▶ **Exercise directions**: Output the data in full. Keep every word exact and exclude the pictures.

───── The data ─────

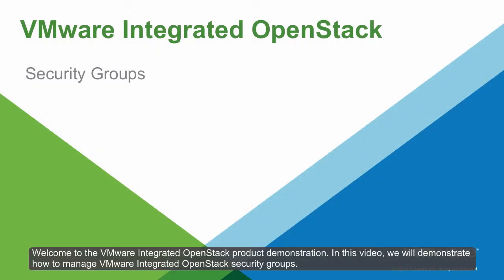Welcome to the VMware Integrated OpenStack product demonstration. In this video, we will demonstrate how to manage VMware Integrated OpenStack security groups.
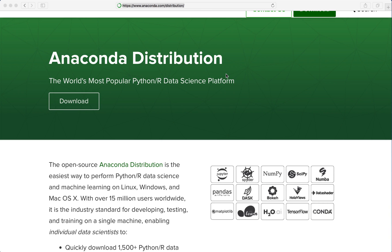Hi everybody, in this tutorial I will give you an overview of the Anaconda distribution and how we can use it. Anaconda is a free Python distribution specifically designed for scientific computing, so it's great for data science and machine learning tasks. It lets you easily manage multiple virtual Python environments and simplifies package management.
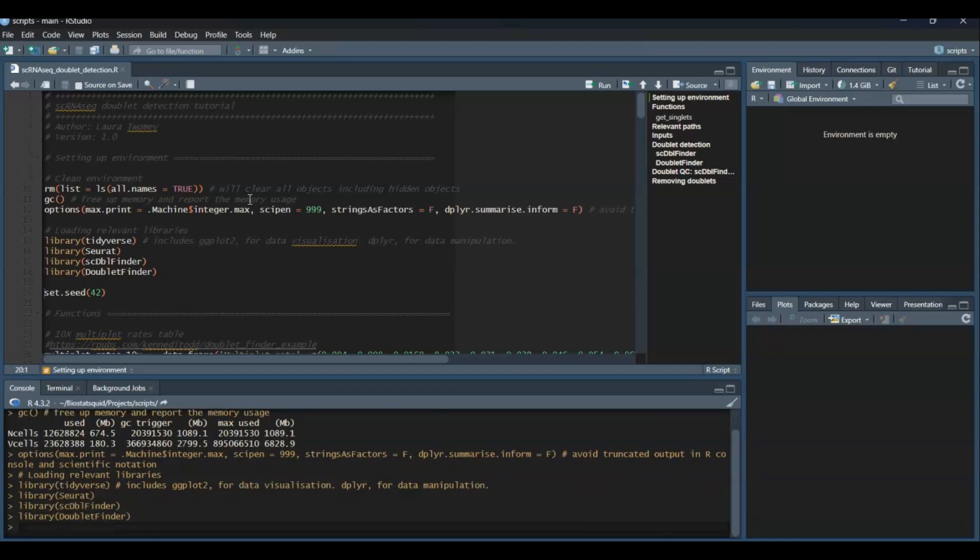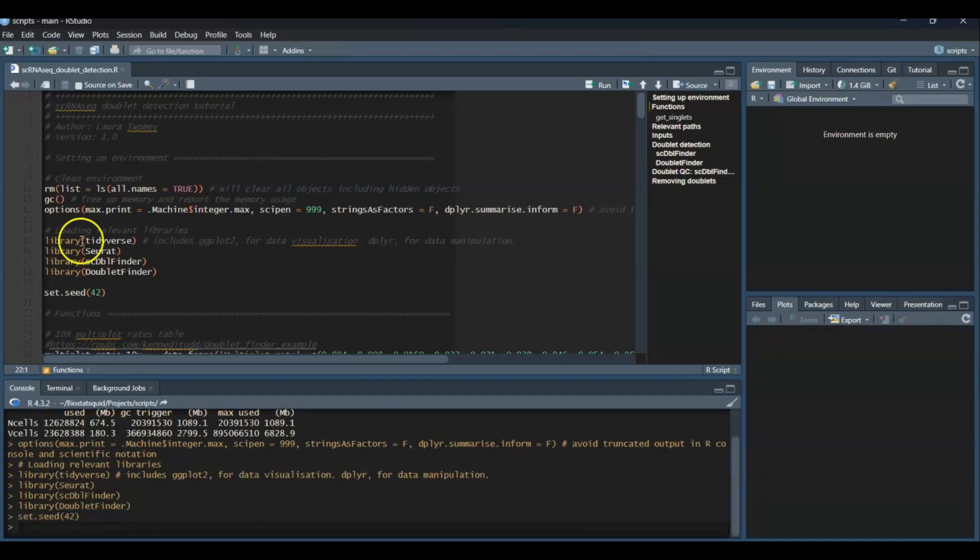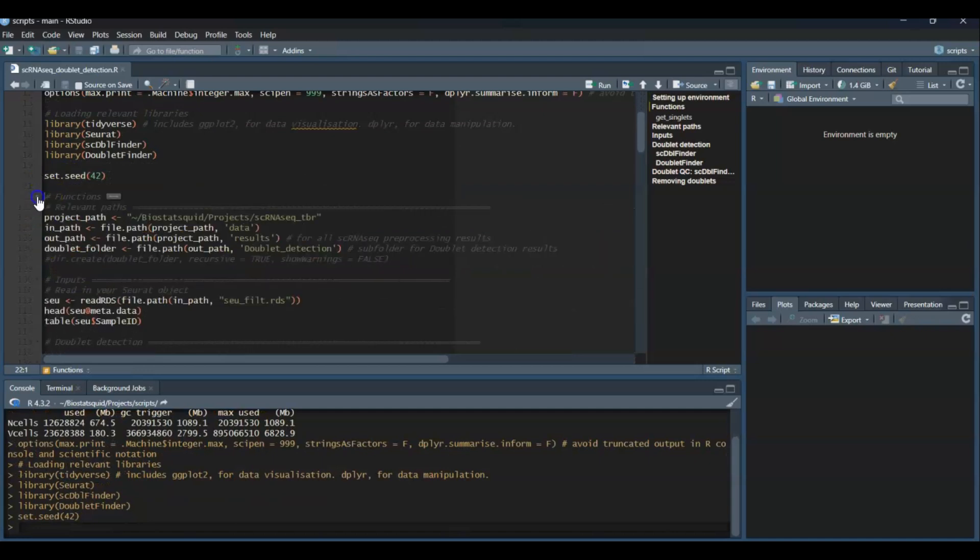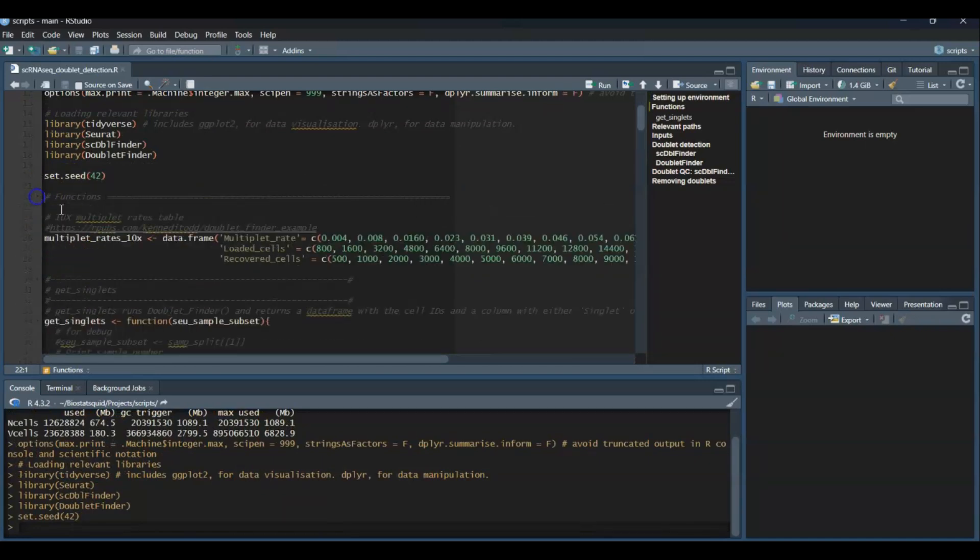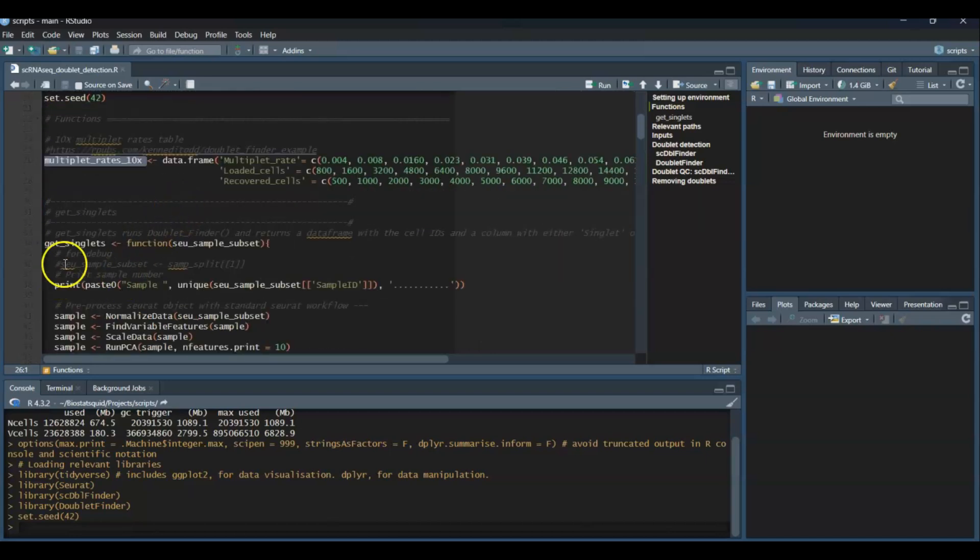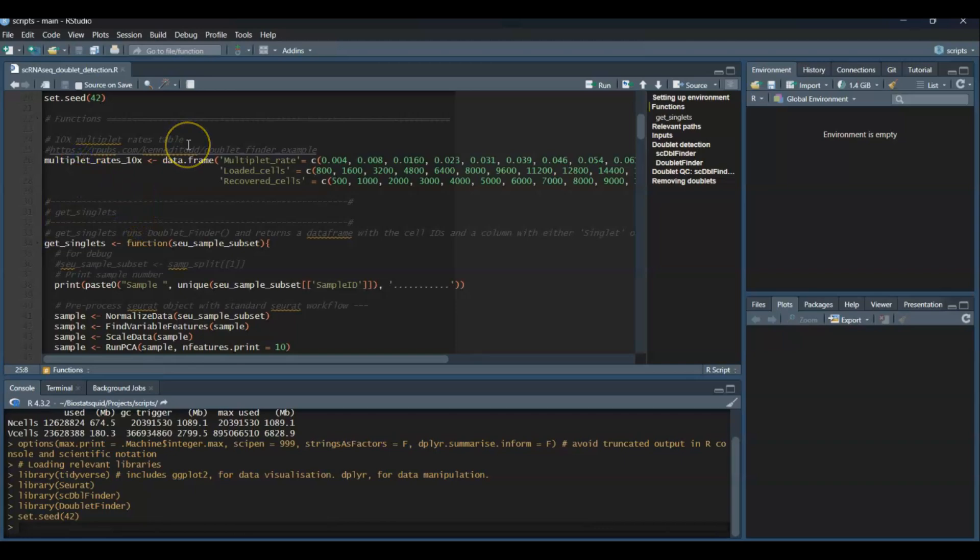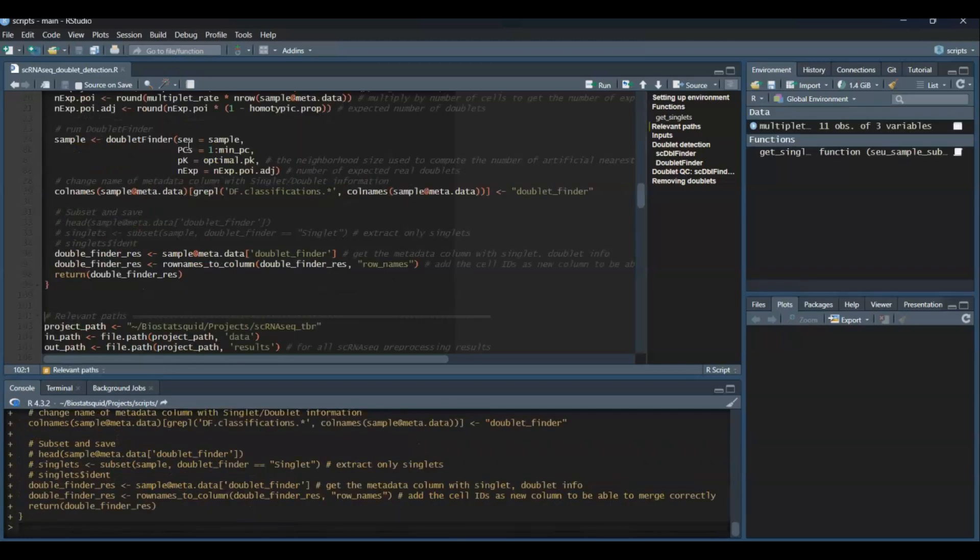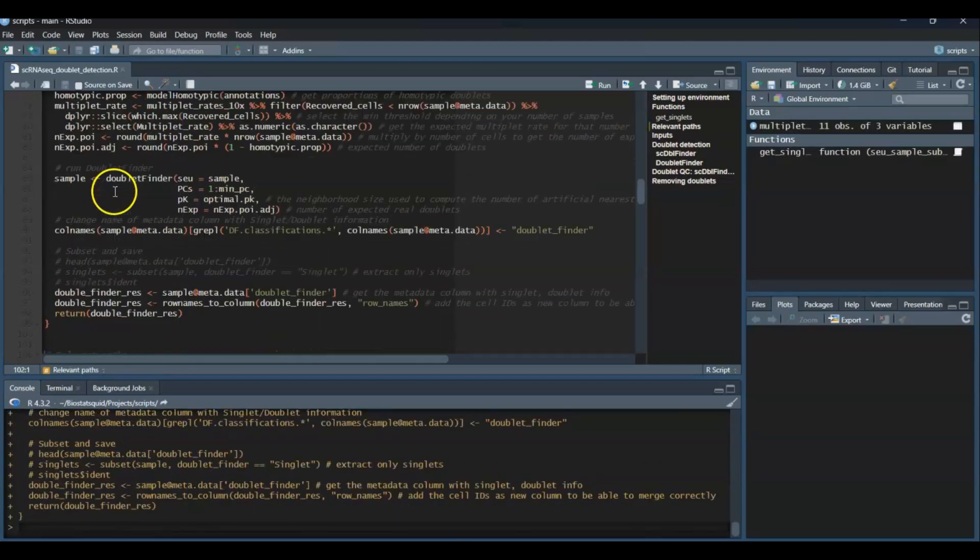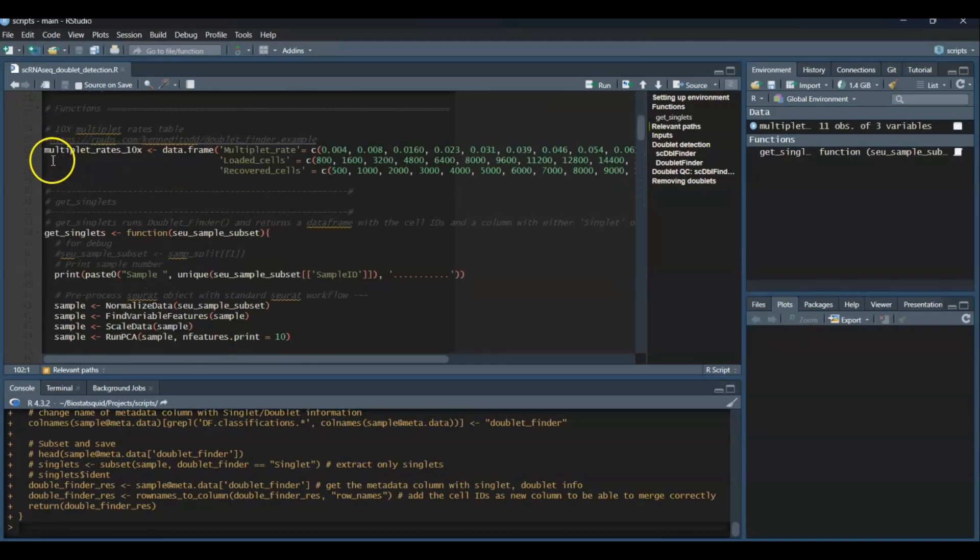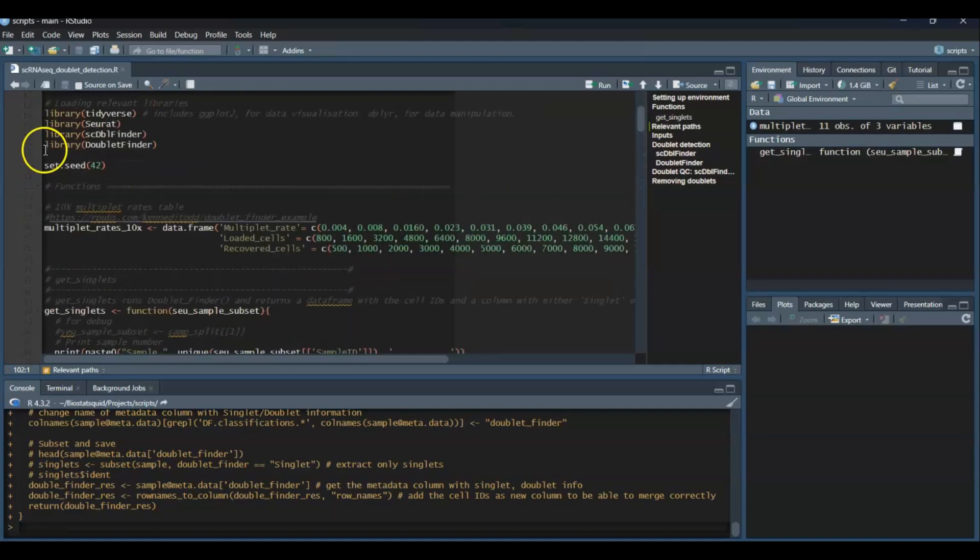In this function section I will actually load the multiplet rates from 10x, as well as a custom function called get_singlets, which I will explain later on when we cover doublet detection with DoubletFinder. So I will just run that for now, but we will cover it later on.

─────

▶ **Final answer**:
Welcome to the VMware Integrated OpenStack product demonstration. In this video, we will demonstrate how to manage VMware Integrated OpenStack security groups.
Hi everybody, in this tutorial I will give you an overview of the Anaconda distribution and how we can use it. Anaconda is a free Python distribution specifically designed for scientific computing, so it's great for data science and machine learning tasks. It lets you easily manage multiple virtual Python environments and simplifies package management.
In this function section I will actually load the multiplet rates from 10x, as well as a custom function called get_singlets, which I will explain later on when we cover doublet detection with DoubletFinder. So I will just run that for now, but we will cover it later on.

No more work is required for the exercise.